BUT BE CAREFUL – LOOK AT THE RULE NOW
That latter point concerning “the knowledge which, exercising reasonable diligence, he or should could acquire” was then enshrined into the rules. There is a hierarchy of measures.
- A claimant has to take “reasonable steps” to ascertain the current address.
- If the current address is found then service must take place at that address.
- If the current address cannot be found the claimant must consider whether there is an alternative place or method of service.
- If there is an alternative place or method the claimant must make an application under rule 6.15 (service by an alternative method or an alternative place).
- It is only when an alternative place or alternative method cannot be ascertained that the claimant can safely (or reasonably safely) serve at the last known address.
THE OPEN QUESTIONS
A claimant must have “reason to believe” that the address is no longer current. Whether that is an objective or subjective test is not clear. Further it is not clear how diligent a claimant has to be in seeking out alternative methods of service.
However it is clear that, with the change of the rules, simply serving at the “last known address” is a dangerous step. The claimant must go through the hierarchy of measures set out in CPR 6.9.(3) before service at the last known address is possible.
CPR 6.9(3)
(3) Where a claimant has reason to believe that the address of the defendant referred to in entries 1, 2 or 3 in the table in paragraph (2) is an address at which the defendant no longer resides or carries on business, the claimant must take reasonable steps to ascertain the address of the defendant’s current residence or place of business (‘current address’).

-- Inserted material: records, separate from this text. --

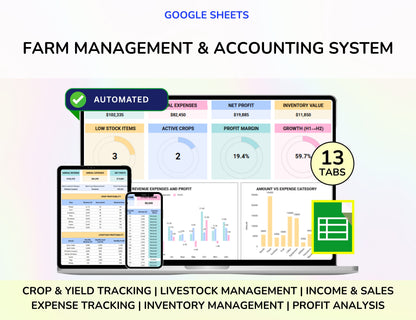 Farm Management Spreadsheet, Plant Planner, Animal Planner, Egg Tracker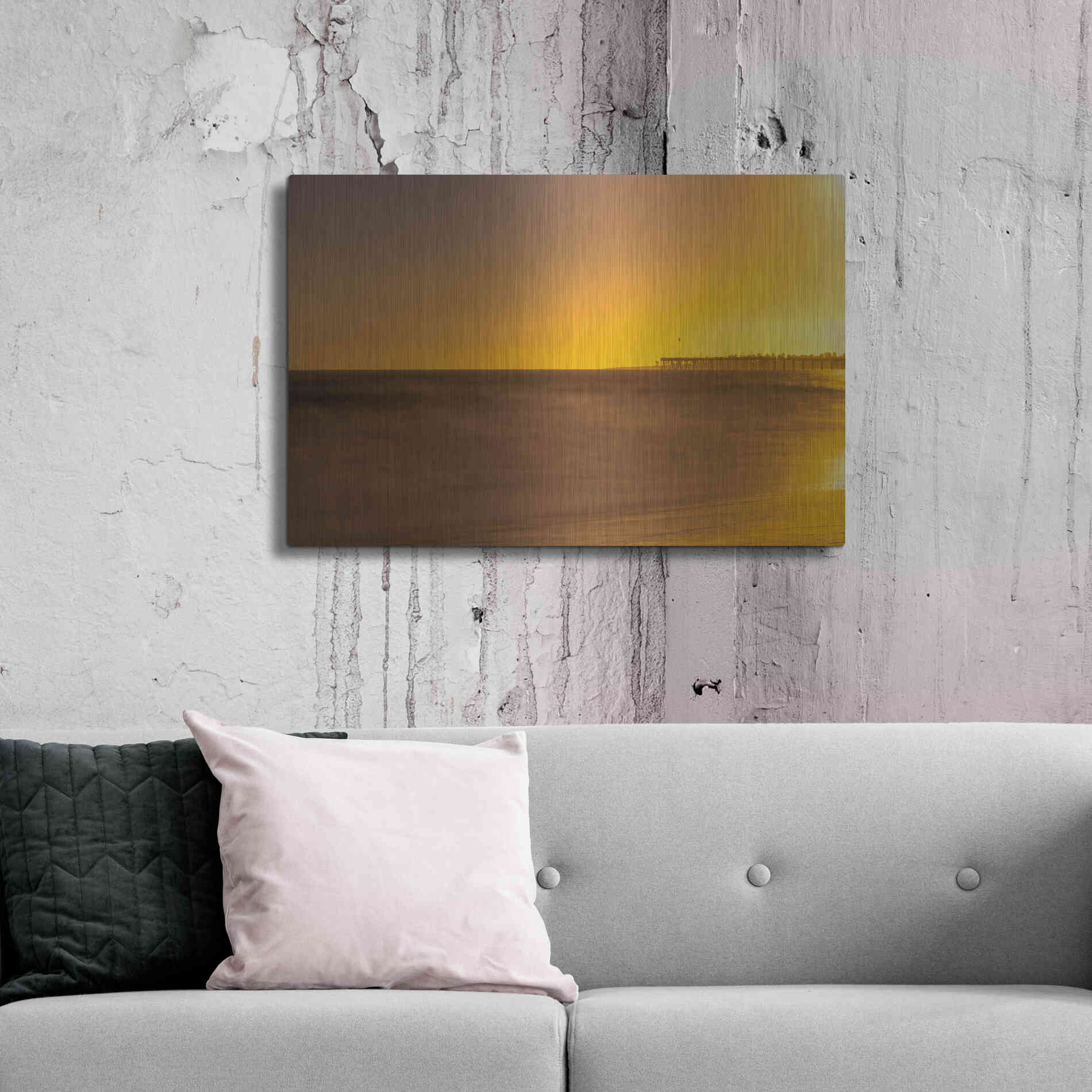 Luxe Metal Art 'Pier Orange' by Chris Moyer, Metal Wall Art,36x24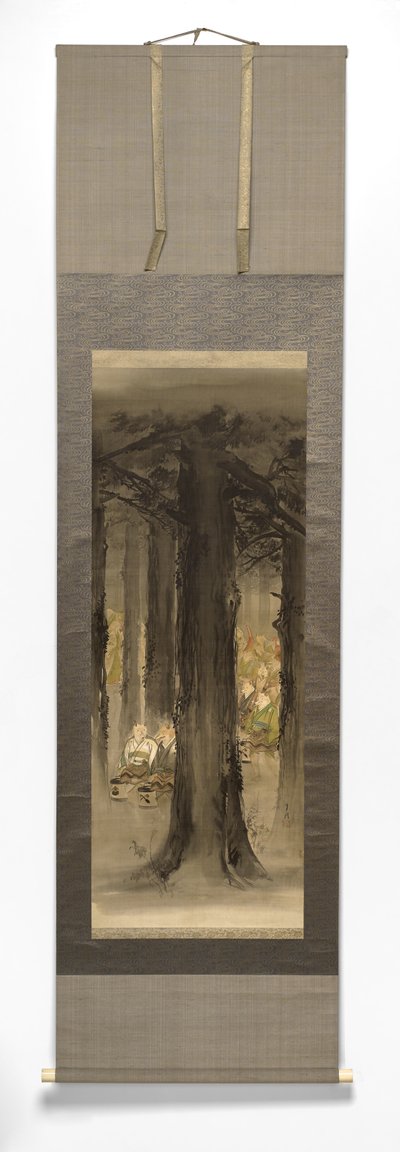 Kitsune No Yomeiri [Liščí svatba], konec 19.-začátek 20. století (inkoust na hedvábném papíru s válečkem ze slonoviny) od Ogata Gekko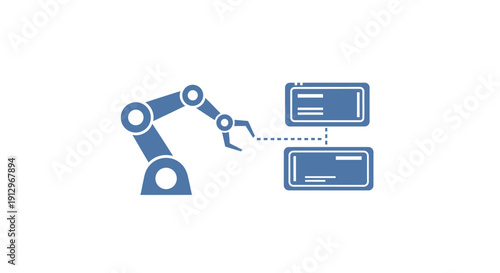 Robotic arm interacting with digital data.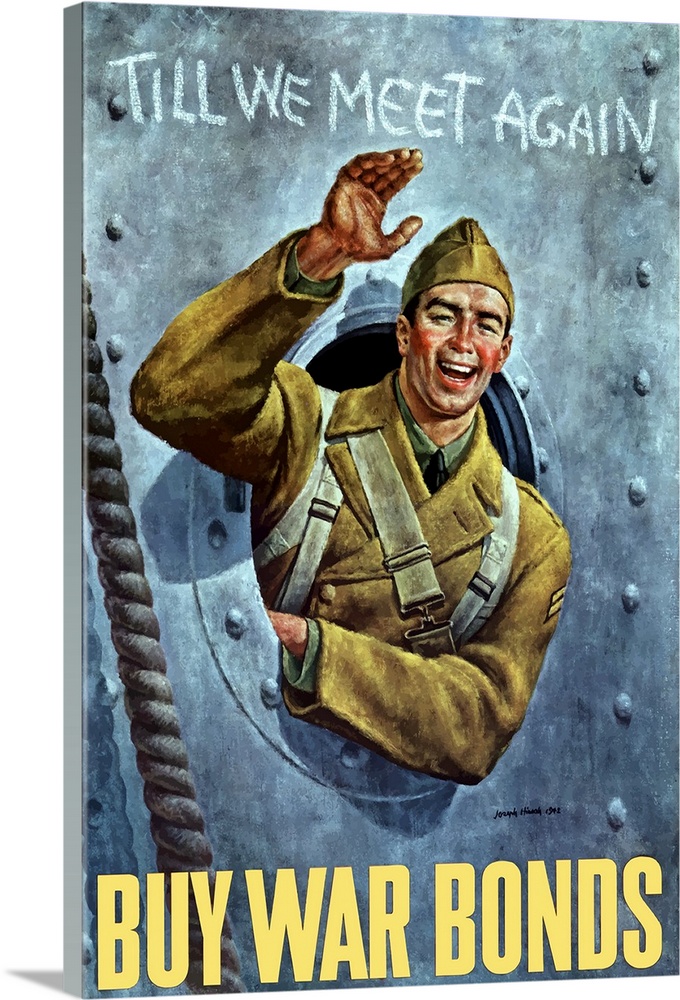 Digitally restored vector war propaganda poster. This vintage World War II poster features a smiling American soldier wavi...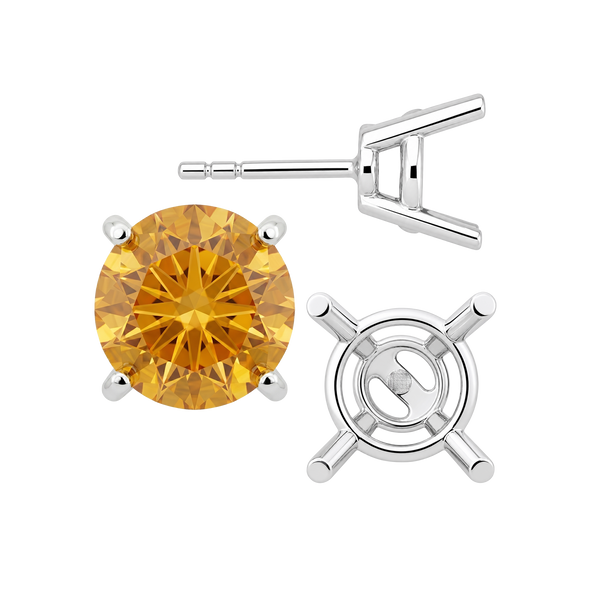 Round Four Prong Heavy Weight Basket Earrings with Push Post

(4) Where, having taken the reasonable steps required by paragraph (3), the claimant –
(a) ascertains the defendant’s current address, the claim form must be served at that address; or
(b) is unable to ascertain the defendant’s current address, the claimant must consider whether there is –
(i) an alternative place where; or
(ii) an alternative method by which,
service may be effected.
(5) If, under paragraph (4)(b), there is such a place where or a method by which service may be effected, the claimant must make an application under rule 6.15.
(6) Where paragraph (3) applies, the claimant may serve on the defendant’s usual or last known address in accordance with the table in paragraph (2) where the claimant –
(a) cannot ascertain the defendant’s current residence or place of business; and
(b) cannot ascertain an alternative place or an alternative method under paragraph (4)(b).”
Many thanks Gordon
A brief skim of family proceedings rules suggests family proceedings parties (or their lawyers) must jump a differnt set of hoops to prove service; and – because family proceedings rule makers like to make things difficult – the rules are a little different for divorce parties as well. And if you want to prove yr spouse presumed dead: see http://www.bailii.org/ew/cases/EWHC/Fam/2018/583.html
Service by post first became permitted in 1980. I consider there are so many pitfalls associated with service by post, as evidence by this blog, that only personal service should be used.